ECB Bond Buying May Last for Years, Says Pimco Money Manager
(Bloomberg) -- The European Central Bank will probably continue buying assets for years to come, according to a portfolio manager at Pacific Investment Management Co.
The central bank may end net purchases under its its pandemic bond-buying program in 2022, but then increase purchases under its its regular asset program, Konstantin Veit said in a statement.
“The ECB will remain highly accommodative for a long time as conditions for rates lift-off are unlikely to be met any time soon,” Veit said. “Similar to the Bank of Japan, policy sustainability considerations might increasingly gain in importance.”
The ECB announced Thursday that it will slow its pandemic bond-buying program in the final quarter of this year. The Governing Council will conduct purchases at a “moderately lower pace” than the roughly 80 billion euros ($95 billion) of monthly acquisitions deployed in the past two quarters.
Pimco, which has $2.2 trillion under management, expects policy makers to seek to reduce monthly asset purchases, probably toward 60 billion euros a month, in the second half of next year.

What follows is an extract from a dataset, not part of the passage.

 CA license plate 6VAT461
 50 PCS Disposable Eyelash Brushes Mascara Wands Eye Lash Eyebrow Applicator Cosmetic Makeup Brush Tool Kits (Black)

Barclays Plc has a similar view, predicting the ECB will buy 60 billion euros to 70 billion euros a month under the pandemic emergency program, plus 20 billion euros a month under its regular asset-purchase program. That will likely continue until March, when the PEPP program is expected to end, according to strategists including Silvia Ardagna.
The ECB’s move to persist with stimulus contrasts with major central banks elsewhere, a stance Christine Lagarde’s comments implicitly emphasized. The U.S. Federal Reserve and the Bank of England have signaled their intention to gradually unwind crisis-era aid.
“The real question lies in what will happen when the PEPP is exhausted,” said Joost van Leenders, senior investment strategist at Kempen Capital Management. “To prevent a sudden step down in the ECB’s asset purchases, APP monthly purchases will be increased.”